The Unity game engine also makes use of Co-Routines by calling the StartCoroutine() method, and StreamThreads basically provides the same functionality, albeit using a slightly different syntax.

• Error handling. Using ResumeOnError, RestartOnError, ExitOnError and setting a custom ErrorHandler
• Scope Isolation. Each function in StreamThreads has is own scope of background coroutines and error handlers that go out of scope when the function exits
• Return values. By adding an output variable in Await(out var returnvar) or Background(out var retval), and using yield return Return("some return value") it is possible to return results from coroutines.
• Generics. StreamThreads provides generic versions for IEnumerable<T>, such as Await<T>() and Background<T>(out T retval).
• Chaining. Because StreamThreads is based on extension methods, it uses IEnumerable chaining. An example could be DoSomething().Until(()=>flag==true).ResumeOnError().Await()

Coroutines can be started in the foreground (normal serial excution) or in the background. Each function can spawn as many background "threads" as it wants, and these will terminate as soon as the function goes out of scope, either by simply exiting or calling yield break.

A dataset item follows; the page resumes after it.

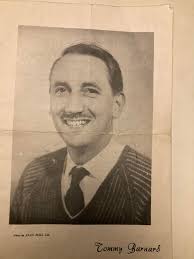Tommy Barnard. I think he was elected to the Council. His agent was Phil  Kidby (Stamp Shop by the old Odeon)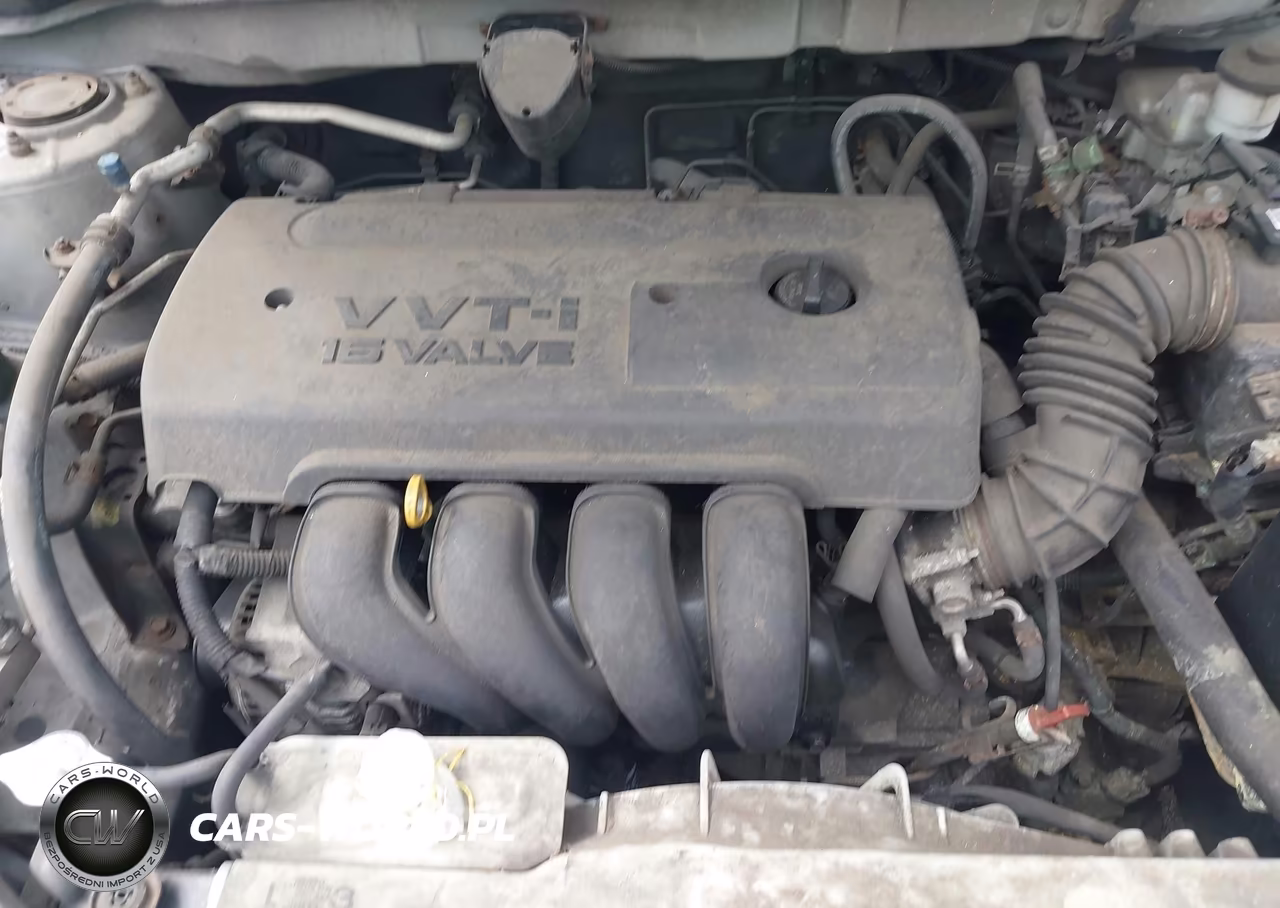 2005 Toyota Corolla Ce VIN:1NXBR32E75Z428202 - 10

StreamThreads uses two methods for starting coroutines:

• Await() - in the foreground (serial execution)
• Background() - in the background (parallel execution)

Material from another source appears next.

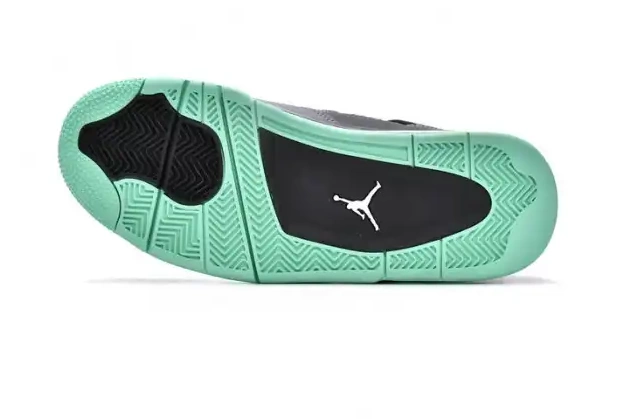 Air 308497-033 Retro 4 Green Glow Jordan 0531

Below is an example of a function that executes a function (PrintDots) in the background(with the extension .Background()), while executing GetReady() synchroneously (.Await()). In the mean time, if at any point an error happens, whether it is inside the background function or not, the HandleFault (.OnError()) will be called.

public IEnumerable<StreamState> StartupState()
{
    yield return HandleFault().OnError();

    yield return PrintDots(".").Until(() => readyforwork).Background();

    yield return GetReady().Await();

    yield return WaitForever;
}

Notice how the PrintDots function loops infinitely, and the yield return. This allows the "game-loop" to return and process some of the other running tasks.

private IEnumerable<StreamState> PrintDots(string v)
{
    while (true)
    {
        Console.Write(v);
        yield return Sleep(new Random().Next(10, 100));
    }
}

StreamThreads is based on Iterators and Extension Methods. As such, yield return is essentially used every time a new function is called - either as a background worker thread, or inline with statements. It is also worth noting that all functions should have a return type of IEnumerable<StreamState>. This allows for it to be interpreted as an iterator by the compiler.

The extension methods also allow for easy ways to control what happens to a function when certain conditions arise. This can be used both with background and synchroneous functions.

yield return DoSomething().Until(() => alertflag == true).Background();
yield return DoSomething().While(() => goingwell == true).Await();
yield return DoSomething().RestartOnError().Await();
yield return DoSomething().ResumeOnError().Await();
yield return ManualMode().SwitchOnCondition(() => auto == false);
yield return WaitFor(() => backgroundready == true);

RestartOnError causes the function being called to start over. This can be helpful if we know an error can be fixed by re-initializing some local variables at the top of the function. ResumeOnError simply ignores the error and continues the loop. This could cause some problematic overhead if the error is severe.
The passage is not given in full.